When President Reagan vowed to build a space-based missile shield to make Soviet intercontinental ballistic missiles irrelevant, the technology was nowhere near ready to back up the threat.
But Premier Mikhail Gorbachev knew well what America had done and spent on space in the previous 30 years and couldn’t dismiss the threat. If America could go from humiliation at the launch of Sputnik in 1957 to hitting golf balls on the moon 14 years later, who could say for sure that Star Wars was a pipe dream?
The Soviets couldn’t keep up, but still shoveled their scant resources at the problem, until their deprived people were ripe for rebellion.
That’s been the model many American leaders have had in mind in dealing with China, our major geopolitical foe of this century.
America, free and prosperous, versus China, oppressive and backward. But that is, at best, only half right.
The Soviet Union devolved to brute repression to keep the ruling class in power and protect the premise that communism would prove to be a better system than Western liberal democracy.
After the horrors of Mao Zedong’s rule, China’s leaders have built a hybrid system in which capitalism — or a cartel version of it — coexists with absolute state control over the lives of its citizens.
China has been doing both for 40 years, but never has developed a broad middle class of the kind that demanded political reforms in the West from the 18th century onward.
There are many reasons to think that China is in big trouble as it peers into a demographic abyss brought on by its former one-child policy, but that also adds urgency to Beijing’s project of winning the AI arms race.
Washington’s response so far has mostly been defensive, with the aforementioned chip restrictions, the on-again, off-again crackdown on TikTok, and the CHIPs Act, a 2022 law that seeks on-shore the manufacture of advanced semiconductors.
DeepSeek is pretty strong evidence that stopping China may be impossible. Instead, it will have to be beaten.
Doing that will present some painful conundrums for America, still in the throes of an age of populist outrage that has been burning since the financial panic of 2008.
Project Stargate seems out of place for a MAGA movement that prides itself on representing the the working class and manufacturing brawn. Yet it was the leaders of Apple, Meta, Google, Amazon and, of course, Mr. X, Elon Musk, who stood like groomsmen at the inauguration instead of the CEOs of Ford, Exxon and Boeing.
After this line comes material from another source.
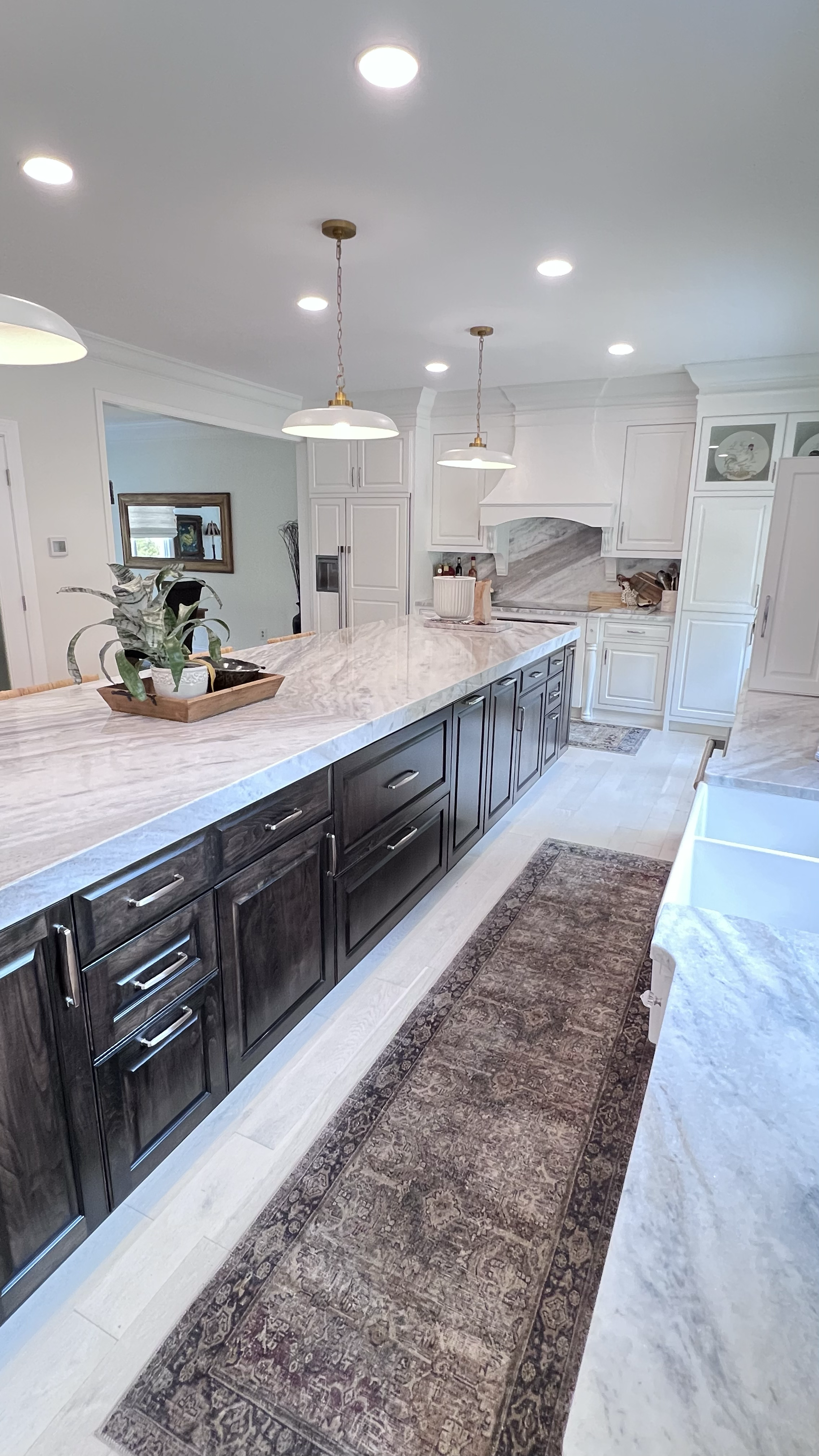 Kitchen island with granite countertop and custom cabinetry and built-in wine fridge.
Some of Trump’s supporters have worked to build an ideological scaffolding around the MAGA movement. Best personified by Vice President Vance, this worldview holds that big tech companies constitute an existential threat to the American way of life and must be regulated, broken into smaller pieces and generally brought to heel.
Then what’s with the leader of the movement yukking it up with Mark Zuckerberg and Jeff Bezos or launching a $500 billion moonshot program for AI with other techlords?
Trump fans may not care too much, since it’s the CEOs bending the knee to Trump, not the other way around.
But it certainly points to trouble for the work of building a lasting version of Trumpism without Trump.
In the fight with China, Trump’s preeminent objective, the fact that America is home to the biggest tech companies in the world is a huge asset, one he seems right now very much inclined to make use of.
But to beat China in the AI race, Trump will need his new friends to be unbound, not hemmed in or broken up.
Will, like the Heritage Foundation’s ill-fated Project 2025, the right-wing proponents of a federal crackdown on big tech find themselves disregarded by Trump, who has never been much for ideological consistency himself?